When you transcribe the listing, keep each line exact and drop the pictures.

**SUPPLIED DATA**
- Opening Delimiter -
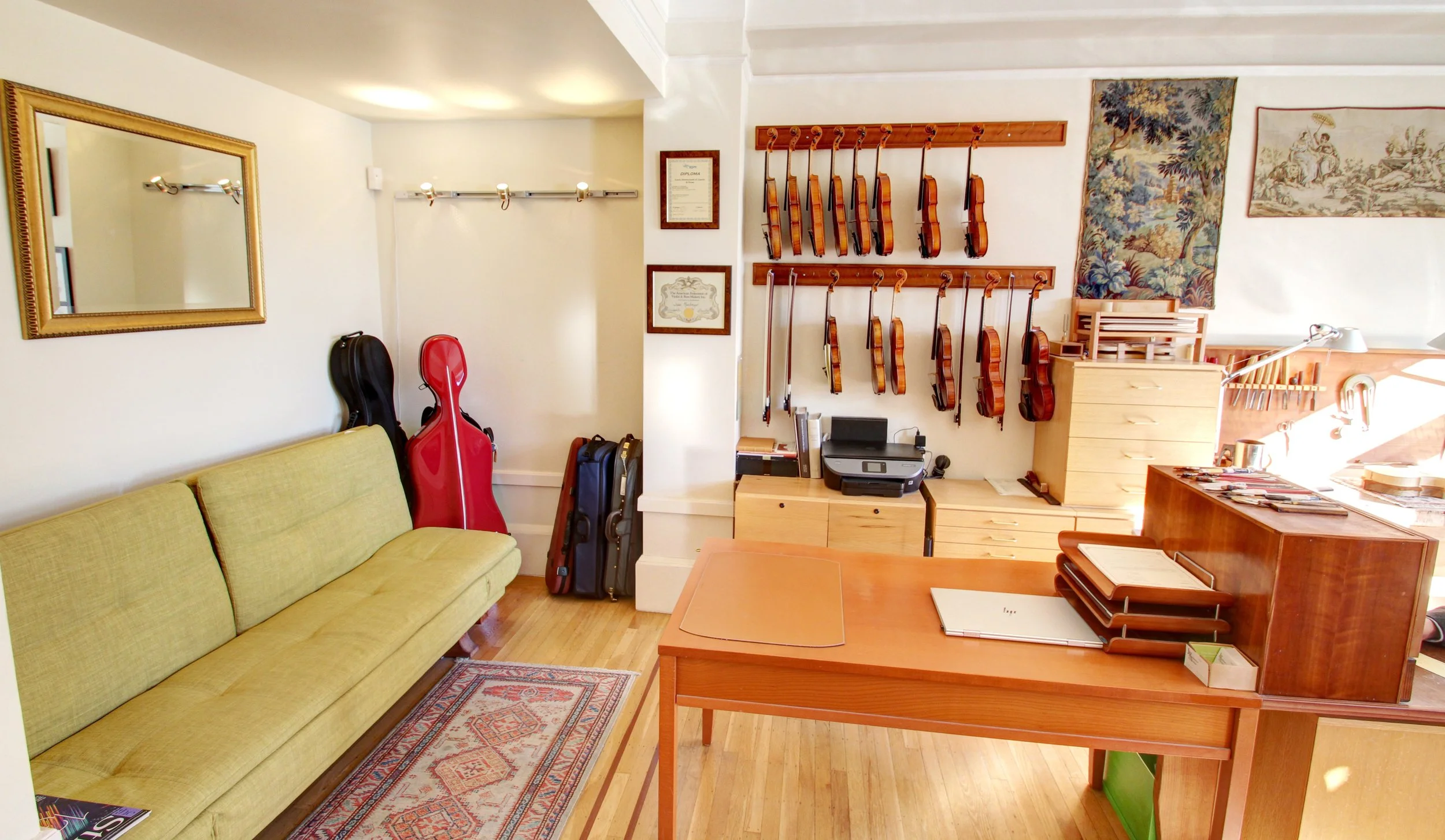 A music shop with a yellow couch, guitar cases, and a display of violins hanging on the wall.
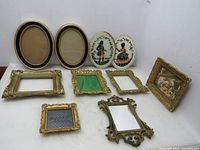Lot of 8 vintage plastic picture frames and 2 oval cross stitched cloth items displayed in a group. The frames vary in size, shape, and style, some with glass and some without. One frame contains a damaged mirror.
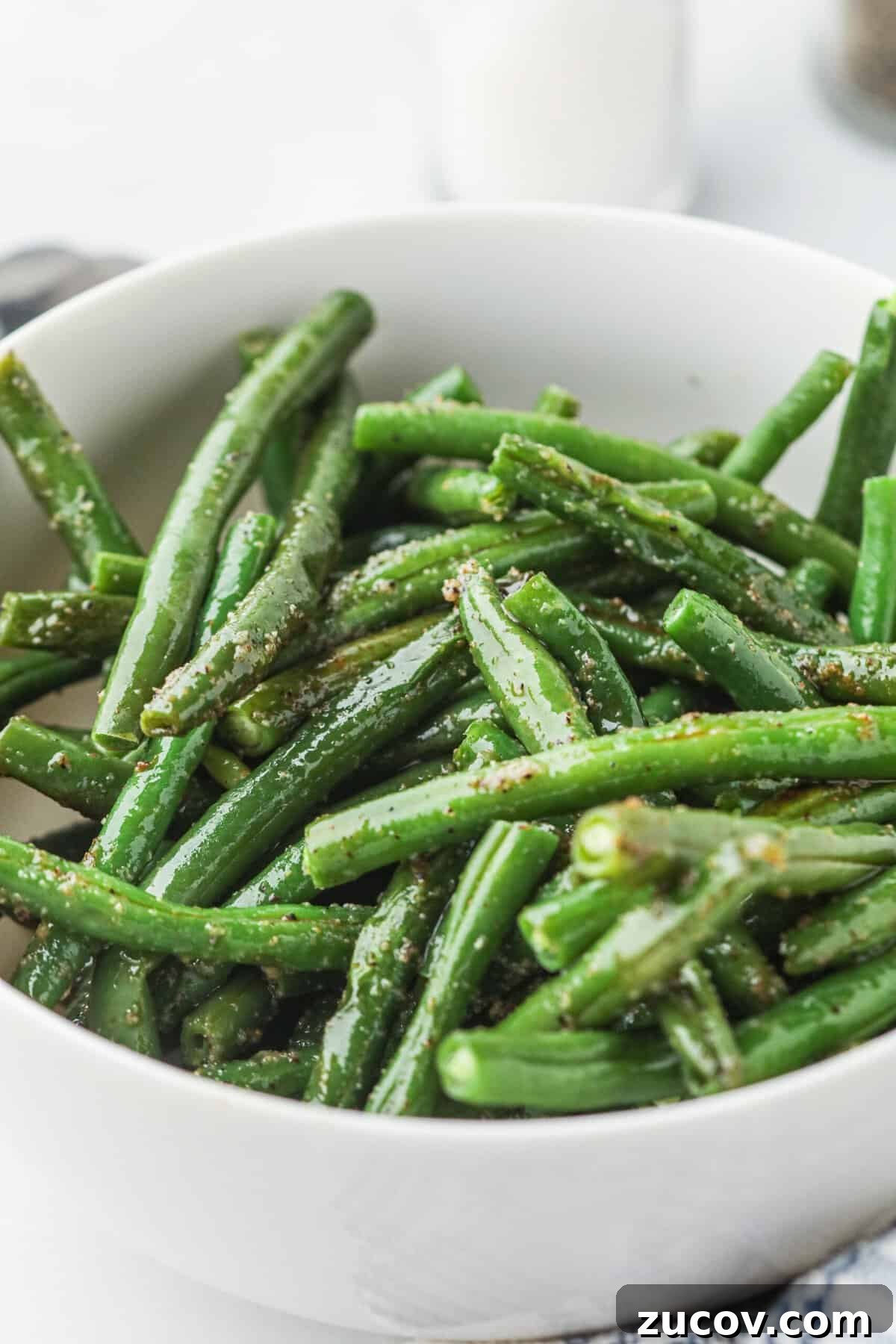 Grilled Green Beans in Foil Packets: Simple Camping Side Dish 2 White bowl with grilled green beans in it.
- Closing Delimiter -
**EXERCISE RESULT**
 A music shop with a yellow couch, guitar cases, and a display of violins hanging on the wall.
Lot of 8 vintage plastic picture frames and 2 oval cross stitched cloth items displayed in a group. The frames vary in size, shape, and style, some with glass and some without. One frame contains a damaged mirror.
 Grilled Green Beans in Foil Packets: Simple Camping Side Dish 2 White bowl with grilled green beans in it.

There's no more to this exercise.